INFORMATION START
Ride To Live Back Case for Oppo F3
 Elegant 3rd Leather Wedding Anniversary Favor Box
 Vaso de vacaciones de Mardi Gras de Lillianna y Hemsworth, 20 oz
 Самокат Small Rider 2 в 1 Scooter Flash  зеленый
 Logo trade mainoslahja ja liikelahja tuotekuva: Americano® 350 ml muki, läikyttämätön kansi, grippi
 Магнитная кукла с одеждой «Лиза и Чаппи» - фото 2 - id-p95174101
INFORMATION END
Reproduce the full set of entries above exactly, without dropping a line.

Ride To Live Back Case for Oppo F3
 Elegant 3rd Leather Wedding Anniversary Favor Box
 Vaso de vacaciones de Mardi Gras de Lillianna y Hemsworth, 20 oz
 Самокат Small Rider 2 в 1 Scooter Flash  зеленый
 Logo trade mainoslahja ja liikelahja tuotekuva: Americano® 350 ml muki, läikyttämätön kansi, grippi
 Магнитная кукла с одеждой «Лиза и Чаппи» - фото 2 - id-p95174101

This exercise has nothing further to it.